The difference in programming

Epoll et in blocking mode, can not recognize the queue empty event, so just block in a single socket recv instead of all the monitored socket epoll_wait call, although it does not affect the operation of the Code, as long as the socket has data arrival is good, But it can affect the programming logic, which means that the multiplexing is disarmed, causing a large number of sockets to starve, even if there is data to read. Of course, for LT, there are similar problems, but LT will be aggressively feedback data readable, so events will not easily be discarded because of your programming errors.
For LT, as it will continue to feed back, as long as there is data, you want to read when you can read, it will always have "next poll" the opportunity to actively detect whether there is data can continue to read, even if using blocking mode, as long as not across the blocking boundary caused by other sockets hungry, read how much data can be, But for ET, it notifies your application that the data is readable, and although the new data arrives or notifies you, you don't have control over what the new data will come and when, so you have to read all the data before you can leave, reading all the time means you have to be able to detect that the data is empty, so that is to say, You must use non-blocking mode until you return a eagin error.

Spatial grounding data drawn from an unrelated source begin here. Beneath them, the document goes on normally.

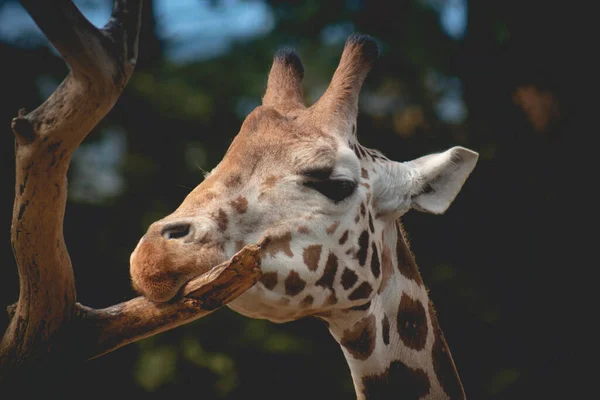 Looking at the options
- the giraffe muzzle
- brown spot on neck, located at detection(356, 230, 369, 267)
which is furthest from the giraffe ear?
the giraffe muzzle

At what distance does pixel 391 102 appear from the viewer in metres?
A: 6.68

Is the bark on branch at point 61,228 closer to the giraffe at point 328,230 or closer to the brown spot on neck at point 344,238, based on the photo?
the giraffe at point 328,230

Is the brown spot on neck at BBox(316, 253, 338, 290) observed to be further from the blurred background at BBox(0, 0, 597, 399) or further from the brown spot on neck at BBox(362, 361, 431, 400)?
the blurred background at BBox(0, 0, 597, 399)

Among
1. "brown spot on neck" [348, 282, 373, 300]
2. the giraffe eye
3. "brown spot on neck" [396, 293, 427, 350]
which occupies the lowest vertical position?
"brown spot on neck" [396, 293, 427, 350]

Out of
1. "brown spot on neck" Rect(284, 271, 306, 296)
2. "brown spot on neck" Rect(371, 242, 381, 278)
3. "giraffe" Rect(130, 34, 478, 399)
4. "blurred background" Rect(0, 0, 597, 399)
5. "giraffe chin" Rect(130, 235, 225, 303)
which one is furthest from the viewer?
"blurred background" Rect(0, 0, 597, 399)

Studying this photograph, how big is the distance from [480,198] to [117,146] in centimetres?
314

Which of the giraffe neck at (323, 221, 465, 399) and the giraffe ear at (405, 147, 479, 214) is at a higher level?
the giraffe ear at (405, 147, 479, 214)

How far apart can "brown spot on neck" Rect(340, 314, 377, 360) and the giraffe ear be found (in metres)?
0.50

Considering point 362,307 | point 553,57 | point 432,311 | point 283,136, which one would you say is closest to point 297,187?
point 283,136

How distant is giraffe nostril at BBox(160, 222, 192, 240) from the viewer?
2.25m

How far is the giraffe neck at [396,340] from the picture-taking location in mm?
2748

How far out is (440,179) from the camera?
9.60 ft

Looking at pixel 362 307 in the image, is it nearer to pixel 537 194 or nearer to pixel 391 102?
pixel 537 194

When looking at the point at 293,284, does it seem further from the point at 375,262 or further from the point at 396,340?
the point at 396,340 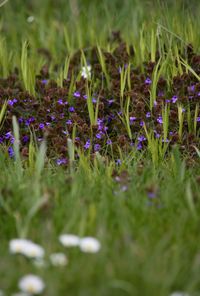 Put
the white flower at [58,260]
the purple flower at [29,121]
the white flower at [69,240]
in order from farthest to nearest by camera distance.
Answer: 1. the purple flower at [29,121]
2. the white flower at [69,240]
3. the white flower at [58,260]

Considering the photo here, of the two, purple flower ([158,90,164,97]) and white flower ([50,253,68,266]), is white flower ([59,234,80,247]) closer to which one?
white flower ([50,253,68,266])

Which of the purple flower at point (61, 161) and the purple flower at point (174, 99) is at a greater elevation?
the purple flower at point (174, 99)

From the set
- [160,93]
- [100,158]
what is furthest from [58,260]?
[160,93]

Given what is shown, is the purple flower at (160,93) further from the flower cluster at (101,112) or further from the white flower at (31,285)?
the white flower at (31,285)

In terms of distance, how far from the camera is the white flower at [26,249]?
2.20 m

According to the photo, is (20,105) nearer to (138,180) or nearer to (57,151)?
(57,151)

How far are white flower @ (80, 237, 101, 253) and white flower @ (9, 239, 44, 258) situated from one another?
143 mm

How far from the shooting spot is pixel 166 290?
6.77ft

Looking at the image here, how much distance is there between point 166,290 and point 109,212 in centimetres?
61

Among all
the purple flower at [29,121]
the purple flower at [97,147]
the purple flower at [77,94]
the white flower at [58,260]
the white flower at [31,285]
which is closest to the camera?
the white flower at [31,285]

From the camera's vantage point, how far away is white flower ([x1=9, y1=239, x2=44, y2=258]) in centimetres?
220

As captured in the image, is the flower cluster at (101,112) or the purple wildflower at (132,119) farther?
the purple wildflower at (132,119)

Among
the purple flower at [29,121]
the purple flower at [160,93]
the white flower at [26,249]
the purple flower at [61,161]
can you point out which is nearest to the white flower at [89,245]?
the white flower at [26,249]

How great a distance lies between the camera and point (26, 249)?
7.26 ft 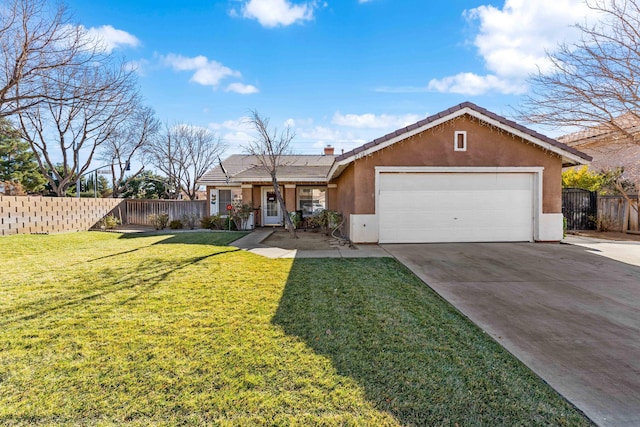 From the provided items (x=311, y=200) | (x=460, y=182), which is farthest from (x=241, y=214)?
(x=460, y=182)

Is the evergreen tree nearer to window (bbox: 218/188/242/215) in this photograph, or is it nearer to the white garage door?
window (bbox: 218/188/242/215)

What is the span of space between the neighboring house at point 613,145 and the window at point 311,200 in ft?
38.3

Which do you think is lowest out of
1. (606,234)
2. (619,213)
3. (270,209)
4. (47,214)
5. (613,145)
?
(606,234)

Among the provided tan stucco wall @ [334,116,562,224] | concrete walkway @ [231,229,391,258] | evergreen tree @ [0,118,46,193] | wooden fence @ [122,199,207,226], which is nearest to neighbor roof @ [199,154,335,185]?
wooden fence @ [122,199,207,226]

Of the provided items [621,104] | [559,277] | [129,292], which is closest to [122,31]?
[129,292]

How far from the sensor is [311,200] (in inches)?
666

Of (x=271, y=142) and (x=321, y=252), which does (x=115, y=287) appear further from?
(x=271, y=142)

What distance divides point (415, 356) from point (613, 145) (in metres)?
16.6

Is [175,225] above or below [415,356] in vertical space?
above

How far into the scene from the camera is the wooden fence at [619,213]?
12.6 m

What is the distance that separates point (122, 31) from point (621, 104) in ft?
59.5

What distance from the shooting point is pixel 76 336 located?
132 inches

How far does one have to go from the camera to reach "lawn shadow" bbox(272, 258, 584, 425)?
88.4 inches

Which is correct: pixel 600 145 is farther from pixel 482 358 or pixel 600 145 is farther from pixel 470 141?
pixel 482 358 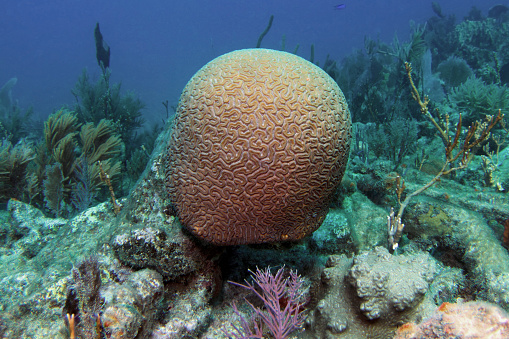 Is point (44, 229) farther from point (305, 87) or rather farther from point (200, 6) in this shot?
point (200, 6)

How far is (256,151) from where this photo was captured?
8.02ft

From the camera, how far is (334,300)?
2.41 meters

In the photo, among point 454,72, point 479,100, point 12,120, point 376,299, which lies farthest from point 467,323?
point 12,120

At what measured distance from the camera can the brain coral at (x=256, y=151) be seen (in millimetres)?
2467

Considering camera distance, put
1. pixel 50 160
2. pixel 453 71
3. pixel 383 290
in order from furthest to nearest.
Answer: pixel 453 71
pixel 50 160
pixel 383 290

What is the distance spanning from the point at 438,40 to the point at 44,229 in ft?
68.7

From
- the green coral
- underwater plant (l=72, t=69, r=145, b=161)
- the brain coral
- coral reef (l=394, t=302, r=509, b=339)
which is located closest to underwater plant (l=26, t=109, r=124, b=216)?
underwater plant (l=72, t=69, r=145, b=161)

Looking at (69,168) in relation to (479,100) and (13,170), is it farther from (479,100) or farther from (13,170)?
(479,100)

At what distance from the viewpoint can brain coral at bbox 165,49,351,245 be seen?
8.09 ft

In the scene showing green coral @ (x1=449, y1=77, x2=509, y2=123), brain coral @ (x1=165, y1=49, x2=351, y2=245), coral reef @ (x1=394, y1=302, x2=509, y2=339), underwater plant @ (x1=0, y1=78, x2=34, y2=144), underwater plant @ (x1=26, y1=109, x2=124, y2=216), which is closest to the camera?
coral reef @ (x1=394, y1=302, x2=509, y2=339)

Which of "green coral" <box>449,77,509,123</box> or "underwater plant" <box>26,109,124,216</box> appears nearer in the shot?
"underwater plant" <box>26,109,124,216</box>

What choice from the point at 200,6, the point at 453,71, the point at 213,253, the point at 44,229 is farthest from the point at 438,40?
the point at 200,6

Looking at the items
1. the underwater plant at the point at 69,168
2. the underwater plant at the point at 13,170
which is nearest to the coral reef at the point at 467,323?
the underwater plant at the point at 69,168

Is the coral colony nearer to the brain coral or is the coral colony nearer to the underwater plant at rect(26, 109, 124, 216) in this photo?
the brain coral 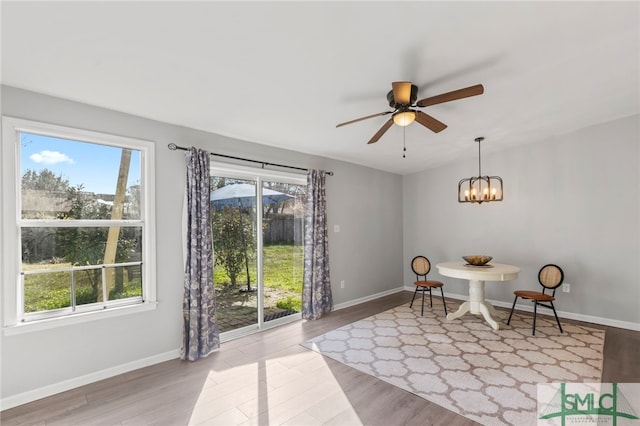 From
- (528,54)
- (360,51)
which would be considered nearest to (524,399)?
(528,54)

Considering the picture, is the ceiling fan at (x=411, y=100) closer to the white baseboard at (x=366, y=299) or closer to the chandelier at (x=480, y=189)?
the chandelier at (x=480, y=189)

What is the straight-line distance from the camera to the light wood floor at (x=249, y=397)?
2227 mm

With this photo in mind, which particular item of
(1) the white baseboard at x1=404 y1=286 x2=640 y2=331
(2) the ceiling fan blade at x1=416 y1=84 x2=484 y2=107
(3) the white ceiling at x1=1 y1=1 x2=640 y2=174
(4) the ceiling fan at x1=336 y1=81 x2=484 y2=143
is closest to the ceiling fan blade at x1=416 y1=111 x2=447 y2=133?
(4) the ceiling fan at x1=336 y1=81 x2=484 y2=143

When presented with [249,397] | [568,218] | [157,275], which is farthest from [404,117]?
[568,218]

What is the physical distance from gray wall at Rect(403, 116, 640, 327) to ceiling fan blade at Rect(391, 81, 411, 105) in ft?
9.43

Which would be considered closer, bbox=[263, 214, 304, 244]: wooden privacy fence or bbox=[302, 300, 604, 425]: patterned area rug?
bbox=[302, 300, 604, 425]: patterned area rug

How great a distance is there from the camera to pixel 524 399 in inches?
96.4

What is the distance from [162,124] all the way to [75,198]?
1037 mm

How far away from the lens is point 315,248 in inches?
178

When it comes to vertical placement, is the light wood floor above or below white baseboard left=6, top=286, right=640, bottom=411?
below

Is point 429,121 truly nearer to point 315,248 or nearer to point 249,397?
point 315,248

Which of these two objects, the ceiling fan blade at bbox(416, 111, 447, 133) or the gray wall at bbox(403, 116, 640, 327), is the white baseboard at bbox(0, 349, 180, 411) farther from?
the gray wall at bbox(403, 116, 640, 327)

Give tips in several et modes

1. The size of the queue buffer includes the length of the SKB structure itself, about 230
In 2.ET mode, the number of times the socket is added to ready_list in the wakeup callback >= the number of packets received, so
Multiple datagrams are fast enough to reach a successful callback that might trigger a epoll wakeup callback only once, at which point the socket is added to ready_list only once
= = causes the queue to be full
The next big message won't go in.
= Stopper effect
The tabloid text that can fill the remaining hole of the buffer can trigger the epoll_wait return of the ET pattern, and if the minimum length is 1, then a packet of 0 length can be sent to lure Epoll_wait back
= = But since the size of the SKB structure is inherent in size, the above inducement cannot guarantee success.
3.epoll Surprise Group, can refer to the experience of NGX
4.epoll can also refer to the Napi shutdown scheme, until the recv routine returns Eagin or an error occurs, Epoll Wakeup callback is no longer called, which means that as long as the buffer is not empty, even if a new packet is not notified.
A. As long as the socket Epoll Wakeup callback is called, the subsequent notification is forbidden;
The B.RECV routine starts a subsequent notification when the Eagin or error is returned.

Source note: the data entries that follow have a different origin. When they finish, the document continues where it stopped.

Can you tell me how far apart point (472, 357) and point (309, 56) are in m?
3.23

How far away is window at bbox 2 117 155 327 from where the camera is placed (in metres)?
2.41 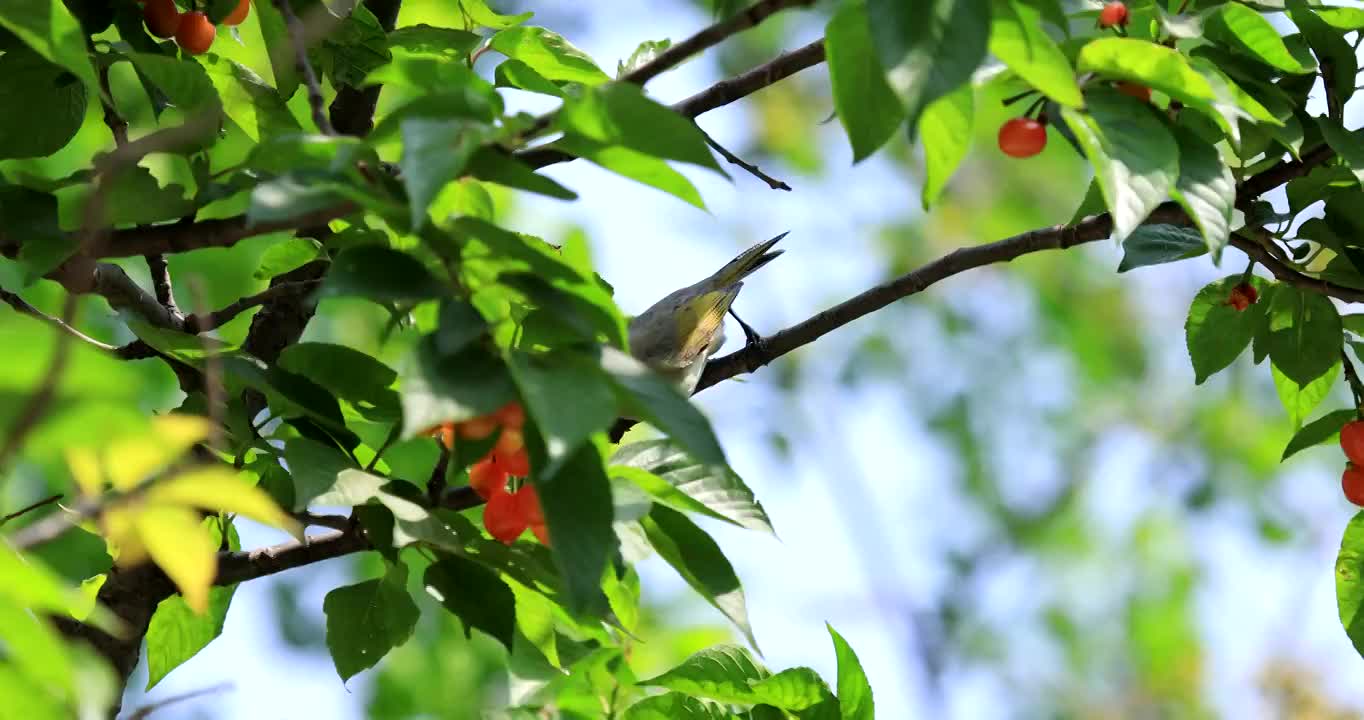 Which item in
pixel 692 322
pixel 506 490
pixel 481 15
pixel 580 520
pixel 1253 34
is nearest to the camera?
pixel 580 520

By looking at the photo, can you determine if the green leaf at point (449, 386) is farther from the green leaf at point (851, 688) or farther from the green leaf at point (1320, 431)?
the green leaf at point (1320, 431)

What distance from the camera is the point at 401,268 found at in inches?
54.6

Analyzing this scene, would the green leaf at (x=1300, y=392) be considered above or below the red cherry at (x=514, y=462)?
below

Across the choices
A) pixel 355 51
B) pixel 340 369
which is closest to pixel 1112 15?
pixel 340 369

Reception of network packets in the Linux kernel-Part II Select/poll/epoll

Contact Us

The content source of this page is from Internet, which doesn't represent Alibaba Cloud's opinion; products and services mentioned on that page don't have any relationship with Alibaba Cloud. If the content of the page makes you feel confusing, please write us an email, we will handle the problem within 5 days after receiving your email.

If you find any instances of plagiarism from the community, please send an email to: info-contact@alibabacloud.com and provide relevant evidence. A staff member will contact you within 5 working days.

A Free Trial That Lets You Build Big!

Start building with 50+ products and up to 12 months usage for Elastic Compute Service

  • Sales Support

    1 on 1 presale consultation

  • After-Sales Support

    24/7 Technical Support 6 Free Tickets per Quarter Faster Response

  • Alibaba Cloud offers highly flexible support services tailored to meet your exact needs.